**Task input:**
* * *
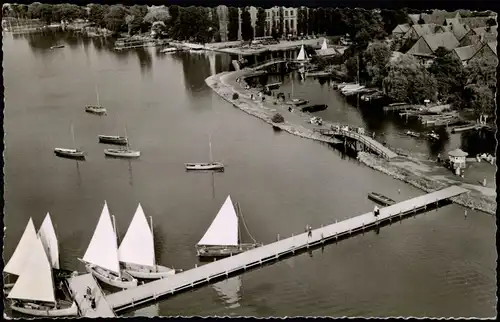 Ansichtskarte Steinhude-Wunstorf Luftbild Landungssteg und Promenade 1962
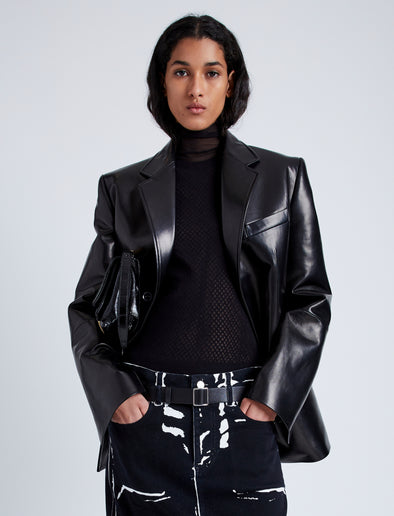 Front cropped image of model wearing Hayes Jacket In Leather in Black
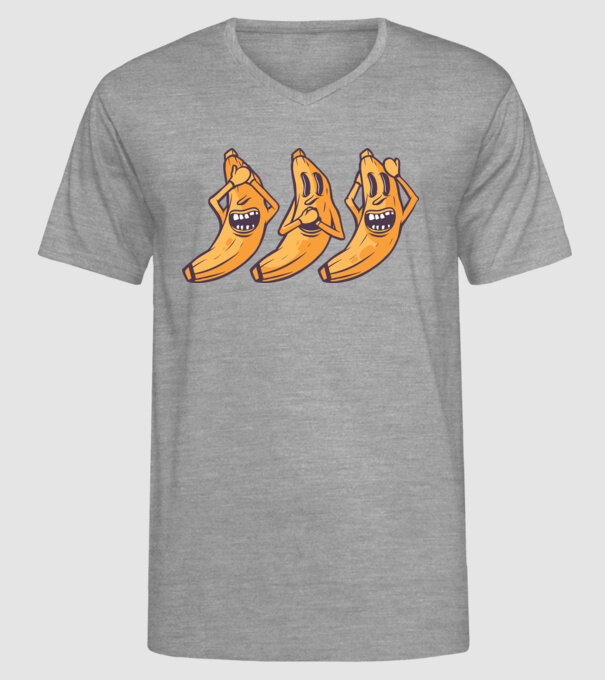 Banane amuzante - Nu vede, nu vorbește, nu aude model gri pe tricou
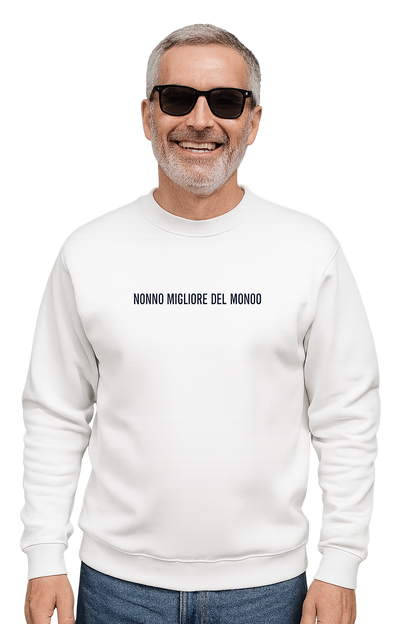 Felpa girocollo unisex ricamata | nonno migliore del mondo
* * *
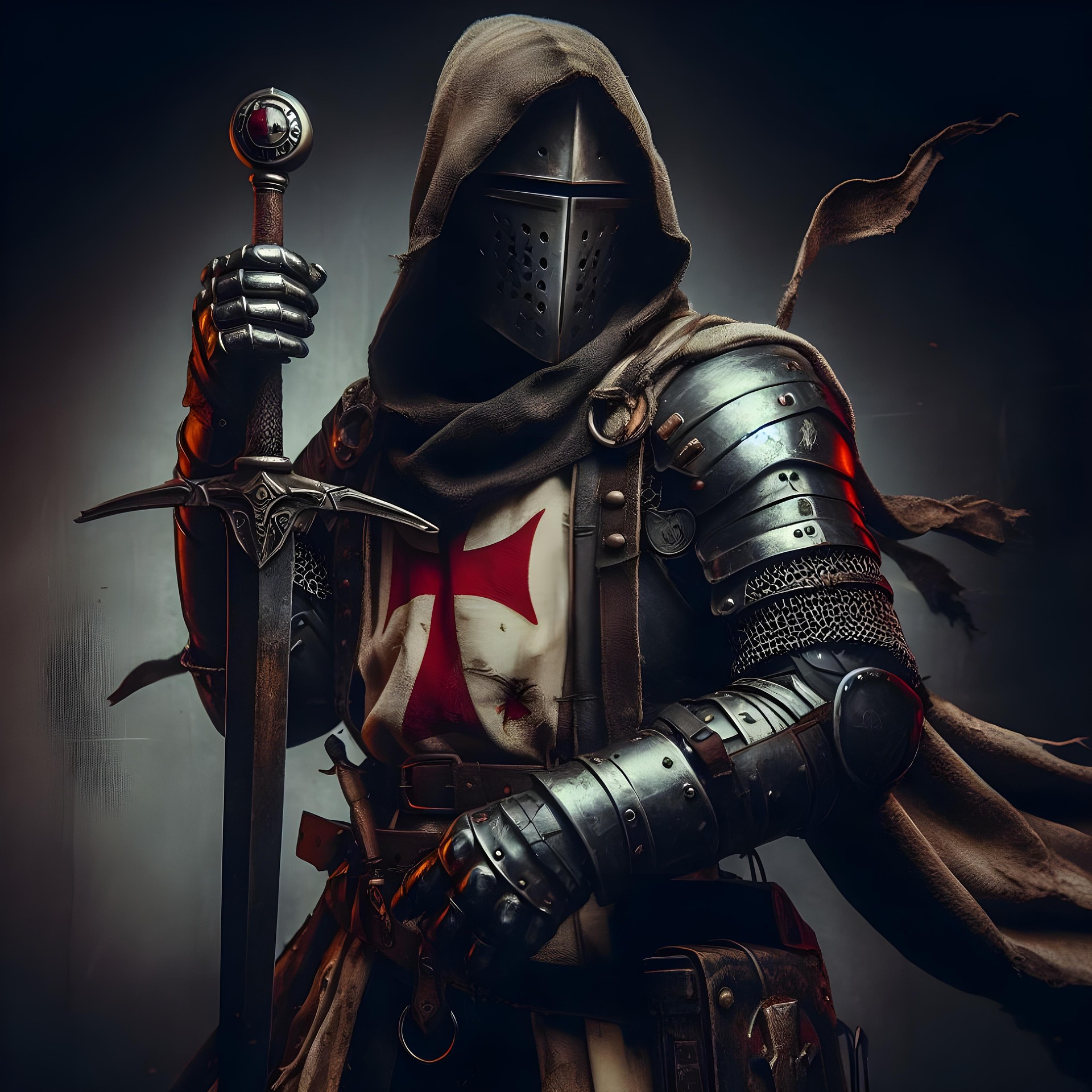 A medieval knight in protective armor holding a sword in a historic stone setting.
* * *
**Work instruction:** Give back exactly the lines of the listing above from the one that contains "Front cropped image" up to and including the one that contains "Felpa girocollo unisex", but not the pictures, and no other lines.

**Written answer:**
 Front cropped image of model wearing Hayes Jacket In Leather in Black
 Banane amuzante - Nu vede, nu vorbește, nu aude model gri pe tricou
 Felpa girocollo unisex ricamata | nonno migliore del mondo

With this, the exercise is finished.